Inventory management

{
  "aggregate_types": {
    "order": {
      "events": {
        "was_placed": {
          "handler": [{"set": {"target": "", "value": "$.data"}}],
          "implications": [
            {
              "map": {
                "in": "$.data.items",
                "as": "$item",
                "emit": {
                  "aggregate_type": "inventory",
                  "id": "$item.sku",
                  "event_type": "had_reservation_requested",
                  "data": {
                    "order_id": "$.key",
                    "quantity": "$item.quantity"
                  }
                }
              }
            }
          ]
        }
      }
    },
    "inventory": {
      "events": {
        "had_reservation_requested": {
          "handler": [{"decrement": {"target": "available", "value": "$.data.quantity"}}],
          "implications": [
            {
              "condition": {"gte": ["@.available", "$.data.quantity"]},
              "emit": {
                "aggregate_type": "inventory",
                "id": "$.key",
                "event_type": "was_reserved",
                "data": {"quantity": "$.data.quantity"}
              }
            },
            {
              "condition": {"lt": ["@.available", "$.data.quantity"]},
              "emit": {
                "aggregate_type": "order",
                "id": "$.data.order_id",
                "event_type": "had_backorder_created",
                "data": {"sku": "$.key", "quantity": "$.data.quantity"}
              }
            }
          ]
        }
      }
    }
  }
}

Notifications

{
  "was_posted": {
    "handler": [{"set": {"target": "", "value": "$.data"}}],
    "implications": [
      {
        "emit": {
          "aggregate_type": "notification",
          "id": "$.data.post_author_id",
          "event_type": "was_created",
          "data": {
            "type": "new_comment",
            "post_id": "$.data.post_id",
            "commenter": "$.metadata.actor.id"
          }
        }
      }
    ]
  }
}

Audit logging

{
  "was_created": {
    "handler": [{"set": {"target": "", "value": "$.data"}}],
    "implications": [
      {
        "emit": {
          "aggregate_type": "audit",
          "id": "global",
          "event_type": "had_entry_added",
          "data": {
            "action": "create",
            "target": "$.key",
            "actor": "$.metadata.actor",
            "timestamp": "$.metadata.timestamp"
          }
        }
      }
    ]
  }
}

Testing implications

Write events in staging, verify implications fire:

# Place order
curl -X POST https://myapp-staging.j17.dev/order/123/was_placed \
  -H "Authorization: Bearer $API_KEY" \
  -H "Content-Type: application/json" \
  -d '{"data": {"items": [{"sku": "widget_1", "quantity": 2}]}}'

# Check inventory reservation fired
curl https://myapp-staging.j17.dev/inventory/widget_1 \
  -H "Authorization: Bearer $API_KEY"

Compared to sagas

Implications Sagas
Trigger Automatic on event Explicit (trigger event)
Scope Single event chain Multi-step workflow
Compensation Manual (write compensating events) Built-in
Use case Simple reactions Complex business processes

Use implications for simple if-this-then-that. Use sagas for multi-step workflows with compensation.
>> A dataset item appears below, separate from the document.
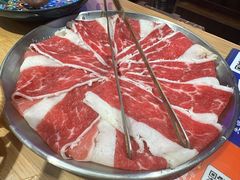 -洱火云南酸菜牛肉火锅(石景山当代商城店)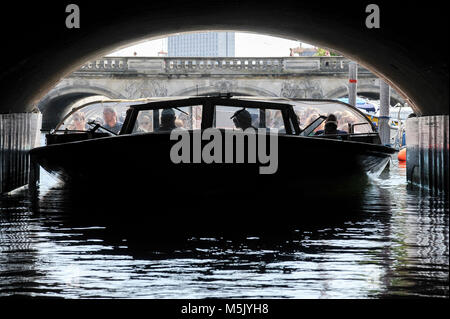 Marmorbroen (Ponte di marmo) su Frederiksholm Kanal su Slotsholmen (Castello isolotto) nel centro di Copenhagen, Danimarca, 6 agosto 2015. © Wojciech Strozyk / Foto Stock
When not to use implications

You need immediate confirmation -- Implications are atomic with the trigger, but if you need the implied event's response before returning to the client, use a saga.

Complex conditional logic -- More than 3-4 conditions? Consider a WASM handler or saga.

External calls needed -- Both Tick and WASM implications are pure data transformations with no network calls or I/O. Fetch external data before writing the trigger event.